L’11 settembre non è una data tragica solo per l’attentato alle torri gemelle di New York ma anche per il drammatico incendio scoppiato nei locali della fabbrica tessile Ali Enterprises nel 2012. Un disastro che provocò 254 vittime e 55 feriti tra le lavoratrici e i lavoratori dello stabilimento con sede a Karachi, in Pakistan, e che si è consumato nell’ambito di un contesto oramai piuttosto noto ai lettori di Valori e a chi si occupa di responsabilità sociale d’impresa relativamente all’industria della moda.
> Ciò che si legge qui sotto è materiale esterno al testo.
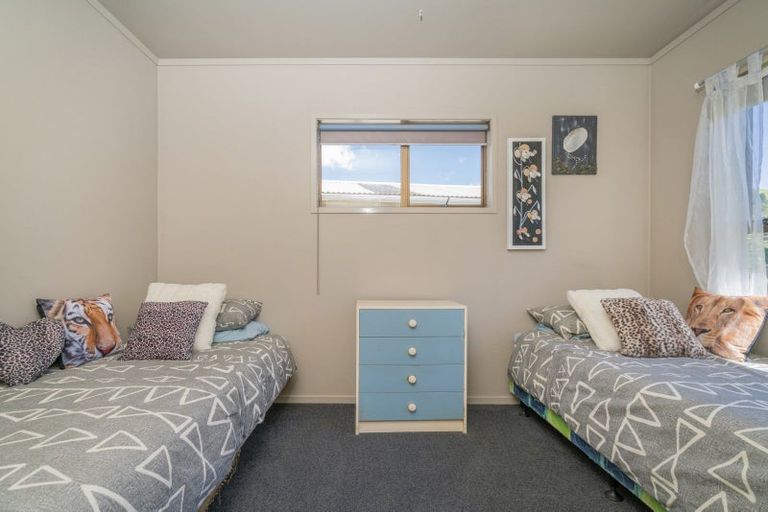 Photo of property in 10 Centennial Drive, Whitianga, 3510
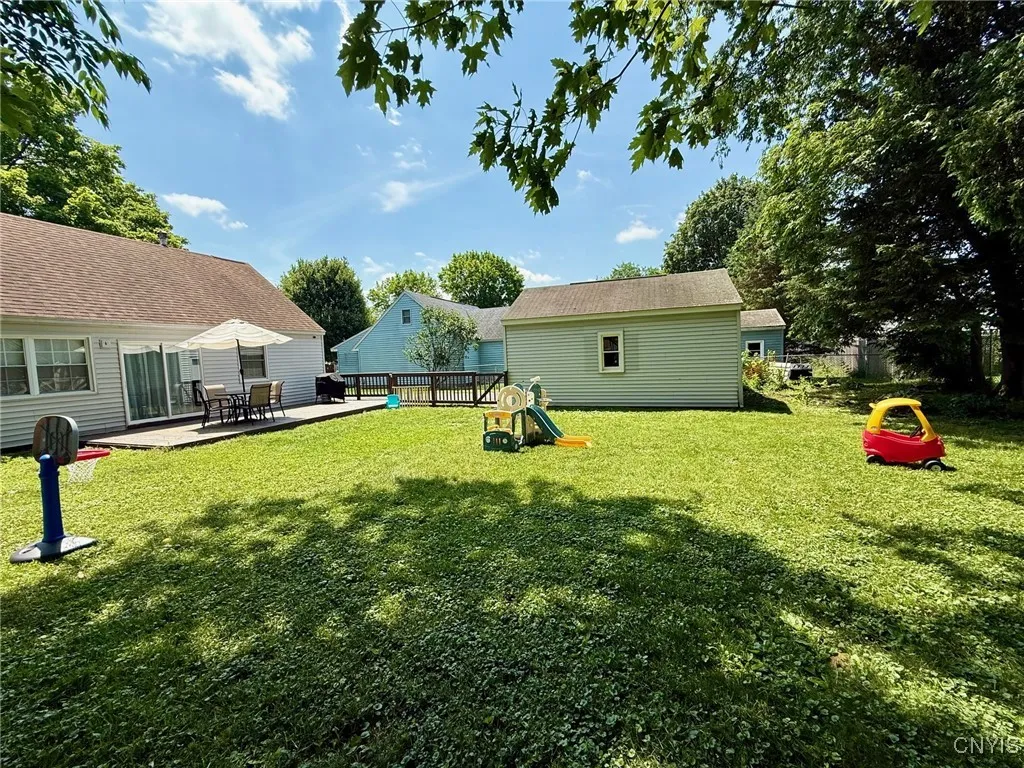415 Van Dyke Road, Utica, New York 13502, Utica, New York 13502, 3 Bedrooms Bedrooms, 6 Rooms Rooms,1 BathroomBathrooms,Residential,For Sale,415 Van Dyke Road, Utica, New York 13502,S1613723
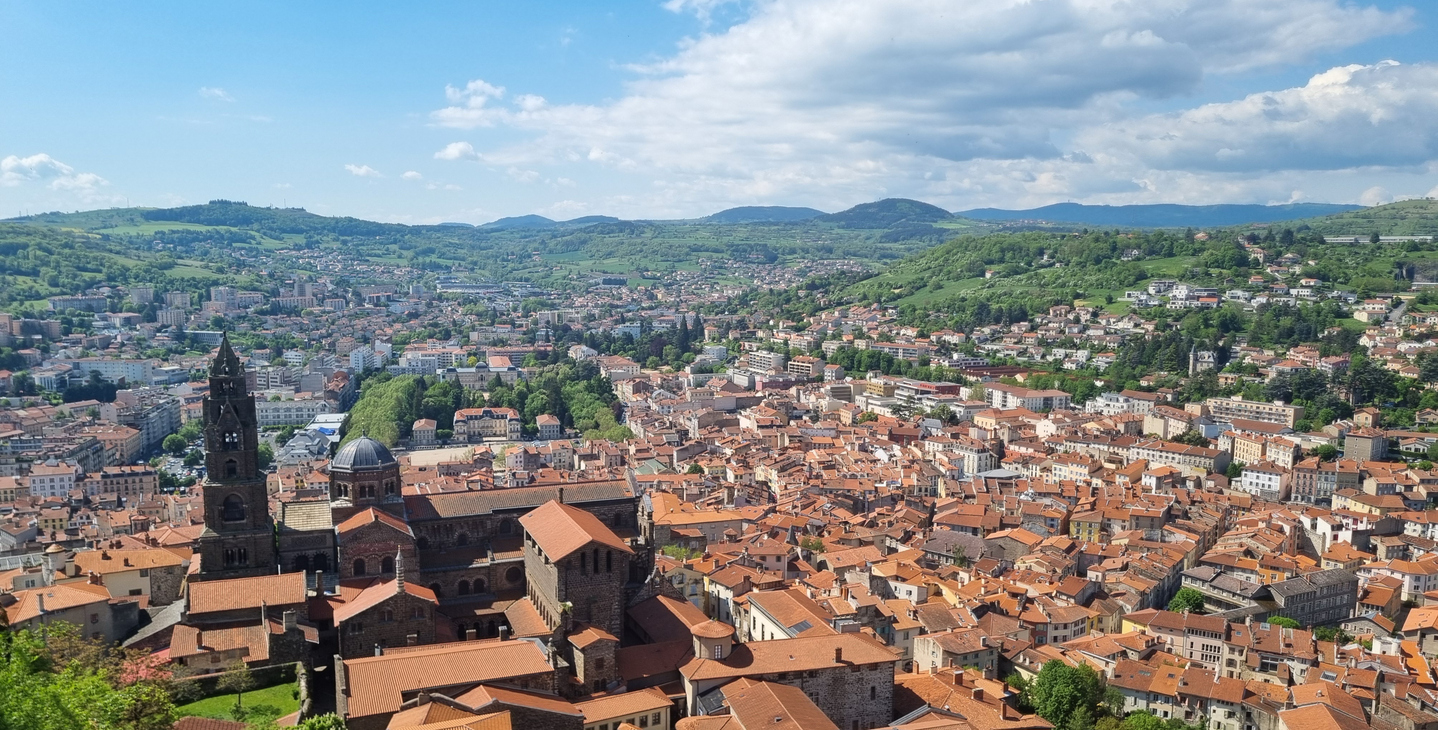  Vue sur le Puy-en-Velay © iStock / Karen Barthomeuf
Oggi l’emanazione italiana della Clean Clothes Campaign, cioè la Campagna abiti Puliti, denuncia che ancora non è stato attribuito pieno risarcimento ai superstiti e alle famiglie di chi rimase ucciso in quell’evento da parte di alcuni marchi coinvolti in quella e in altre tragedie simili.

 

Particolarmente grave, sottolinea in proposito Abiti Puliti, la posizione del distributore tessile tedesco KIK, «che aveva commesse nelle tre fabbriche teatro dei più grandi disastri umanitari degli ultimi anni: oltre alla Ali Enterprises, la Tazreen Fashions (Bangladesh) e il Rana Plaza (Bangladesh)», e che nel dicembre del 2012 aveva firmato un protocollo di intesa con il Pakistan Institute of Labour Education and Research (PILER) per trovare un accordo sui risarcimenti, salvo poi tirarsene fuori all’ultimo minuto nel luglio scorso. E così commenta Deborah Lucchetti, coordinatrice della Campagna: «Il rifiuto della tedesca KIK di corrispondere un equo risarcimento, unitamente a quello di tutte le imprese italiane coinvolte che non hanno ancora contribuito, come Benetton, Manifattura Corona, Yes Zee, Robe di Kappa e Piazza Italia, non fa che prolungare la sofferenza dei lavoratori che concorrono a determinare i loro profitti».

 

E nella vicenda della Ali Enterprises, negativamente esemplare, c’è anche un’altra presenza italiana, oltre alle griffe della moda: la fabbrica era stata certificata in regola (SAI 8000) poche settimane prima del disastro dalla società italiana di revisione RINA, nonostante «non avesse uscite di emergenza, avesse le finestre sbarrate, non fosse registrata e avesse un intero piano costruito abusivamente», ricorda Abiti Puliti.